═══ MATERIALS PROVIDED ═══

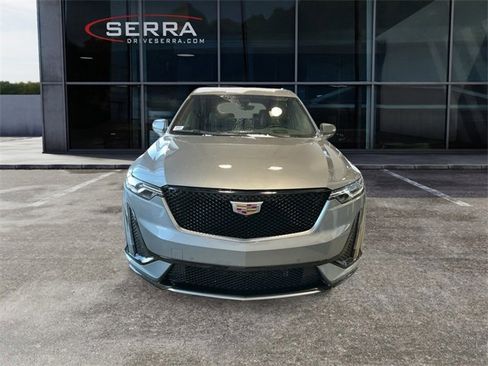 Certified 2025 Cadillac XT6 Sport w/ Technology Package image 6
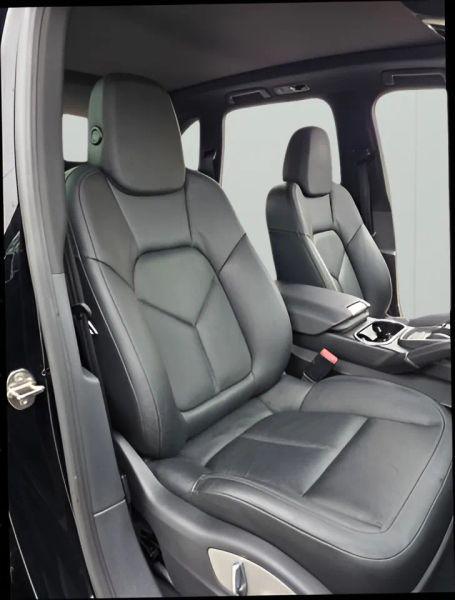 2013 Porsche Cayenne S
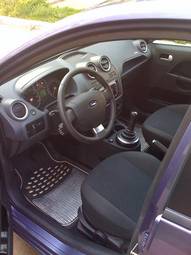 2008 Ford Fiesta Photos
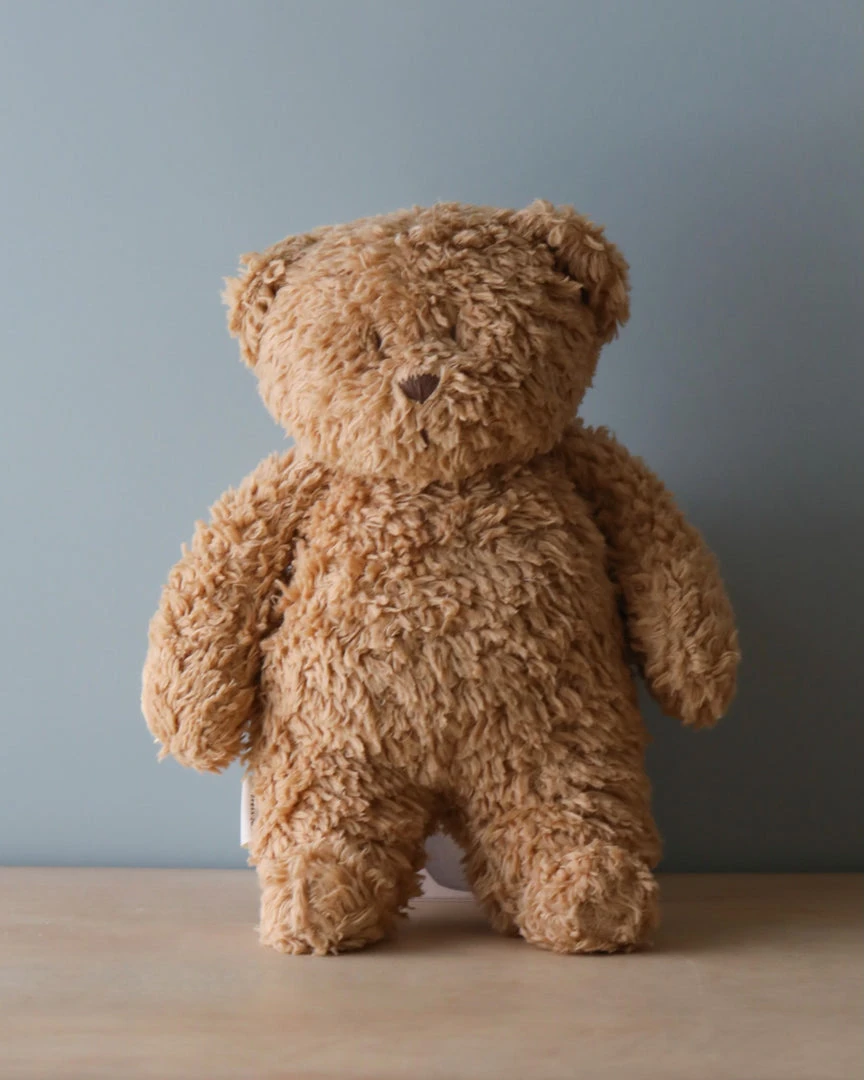 Moonie | Organic Humming Bear With Night Light *New* 8 Moonie | Organic Humming Bear With Night Light *New*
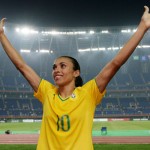 The best players in women's football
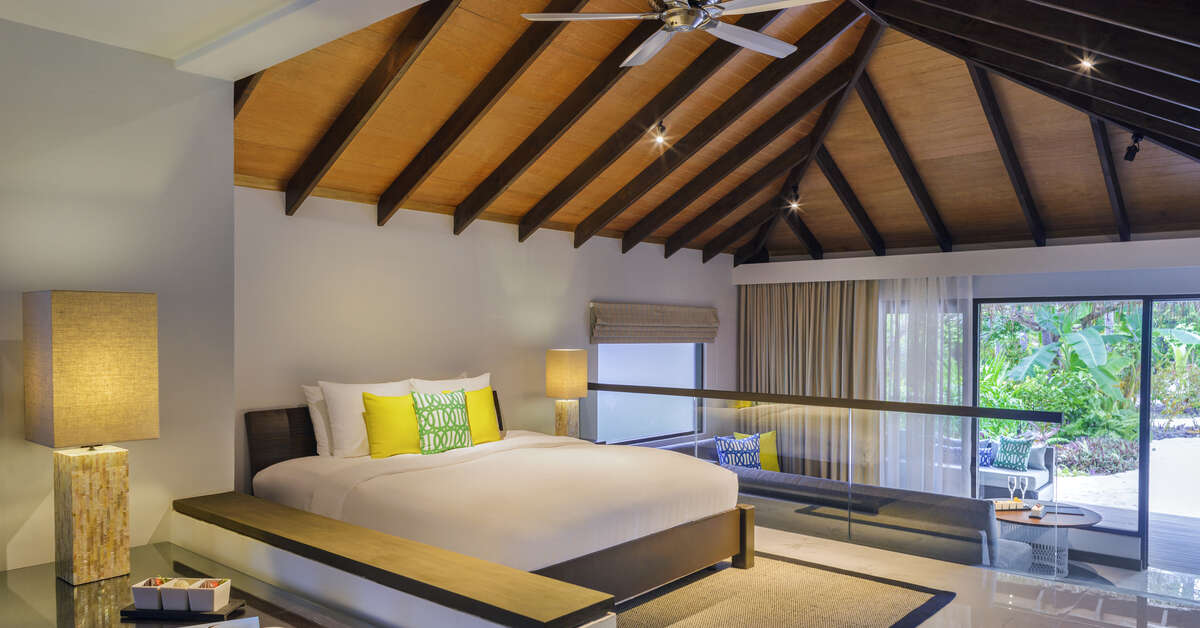 Een foto van Niva Velassaru Maldives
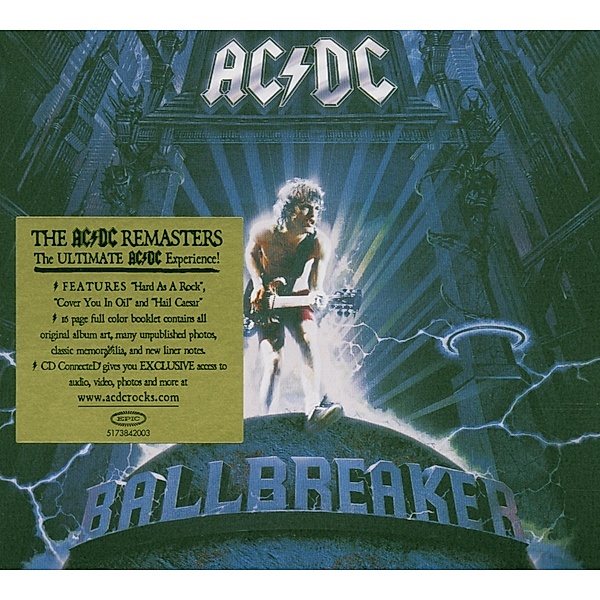 Ballbreaker, AC/DC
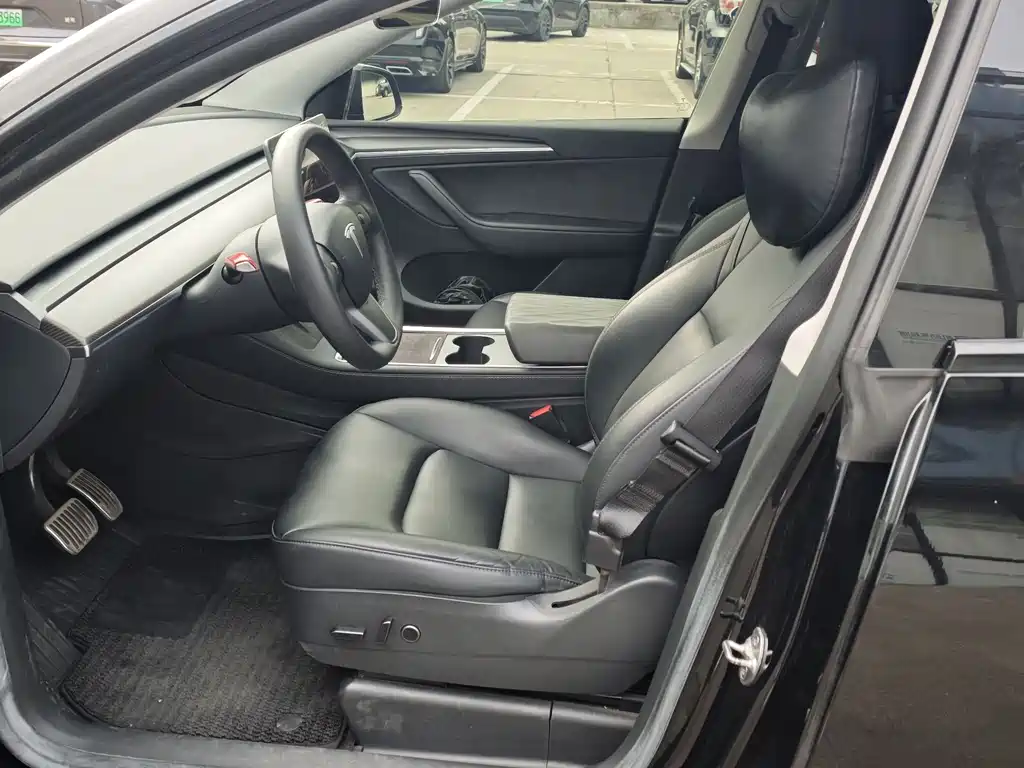 Tesla Model Y — миниатюра 7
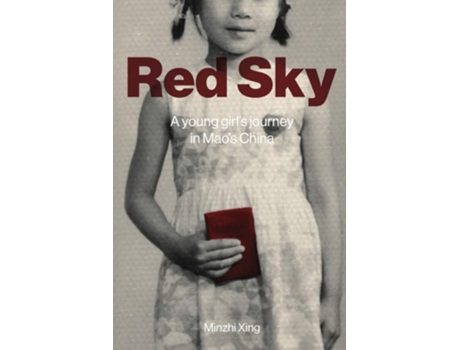 Livro Red Sky De Ms Minzhi Xing (inglês)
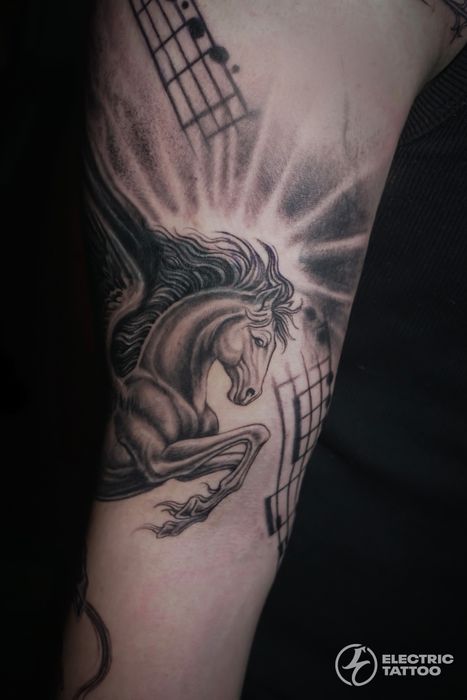 Electric Tattoo Viet Nam – Hình ảnh 1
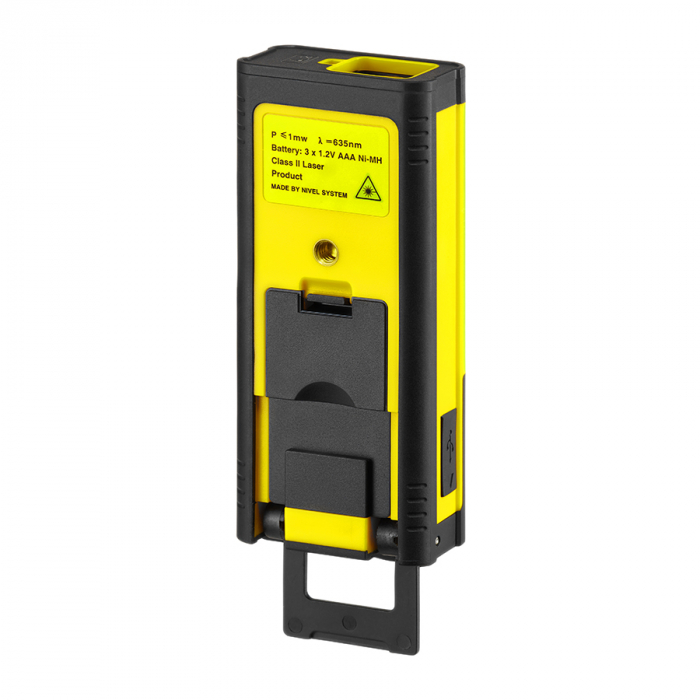 HDM-120BC Laser Distance meters Nivel System with red laser beam [4]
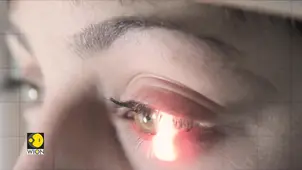 Detect disease with your eyes and new tech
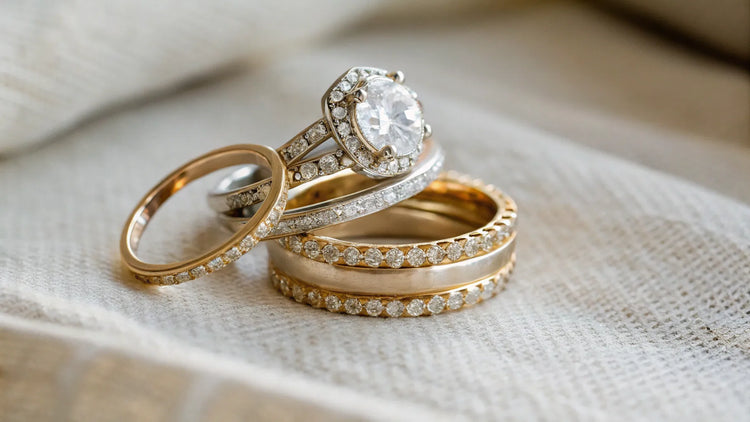 Do You Get A Engagement Ring And Wedding Ring?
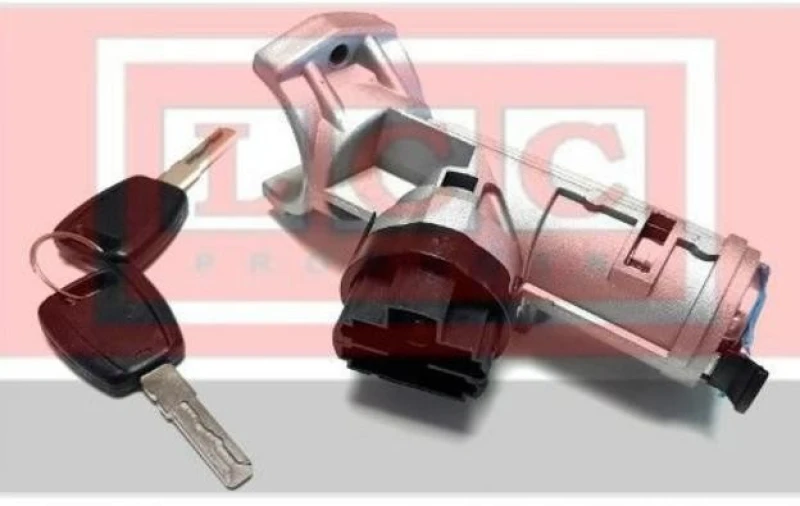 Image of LCC TR0536 Steering Lock without cable Steering Lock (1367)
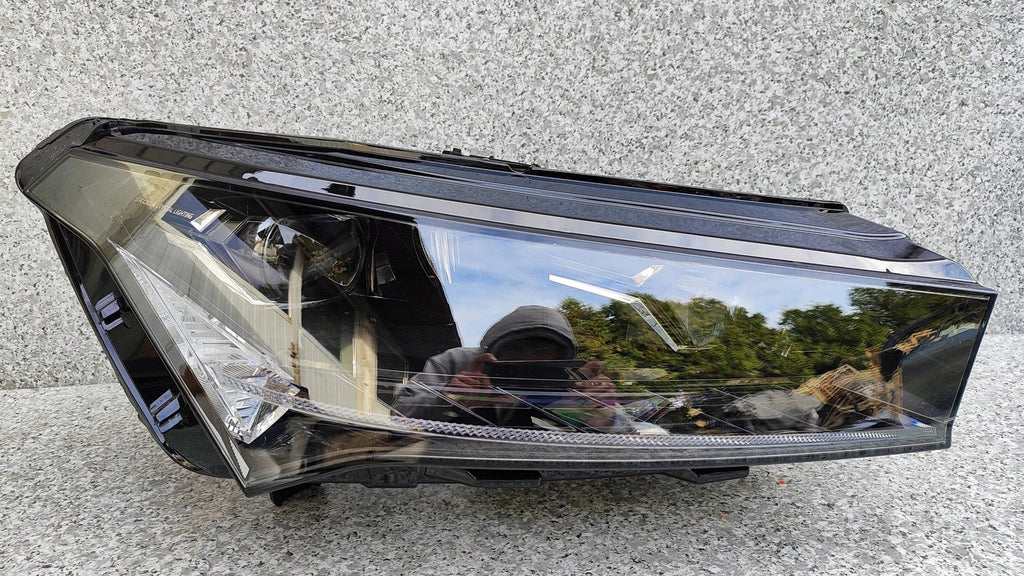 Frontscheinwerfer Skoda Enyaq IV 5LB941016H Full LED Rechts Headlight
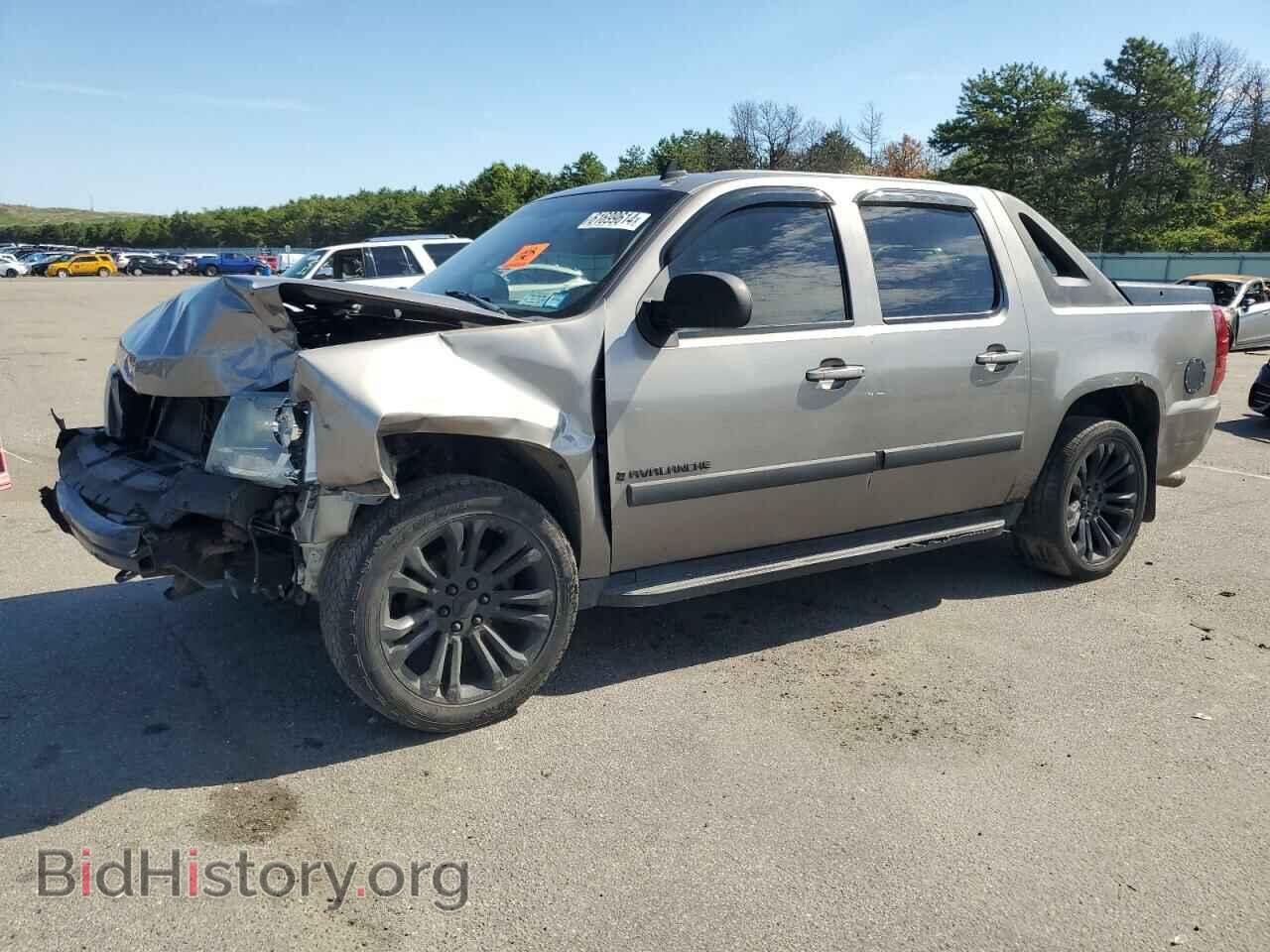 Photo 3GNFK12357G296518 - CHEVROLET AVALANCHE 2007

═══

__DIRECTIONS FOR THIS TASK__: Begin at the first line of the entries above and return each line exactly, stopping after the line that contains "Tesla Model Y — миниатюра 7". Pictures do not belong in the copy.

__ANSWER__:
 Certified 2025 Cadillac XT6 Sport w/ Technology Package image 6
 2013 Porsche Cayenne S
 2008 Ford Fiesta Photos
 Moonie | Organic Humming Bear With Night Light *New* 8 Moonie | Organic Humming Bear With Night Light *New*
 The best players in women's football
 Een foto van Niva Velassaru Maldives
 Ballbreaker, AC/DC
 Tesla Model Y — миниатюра 7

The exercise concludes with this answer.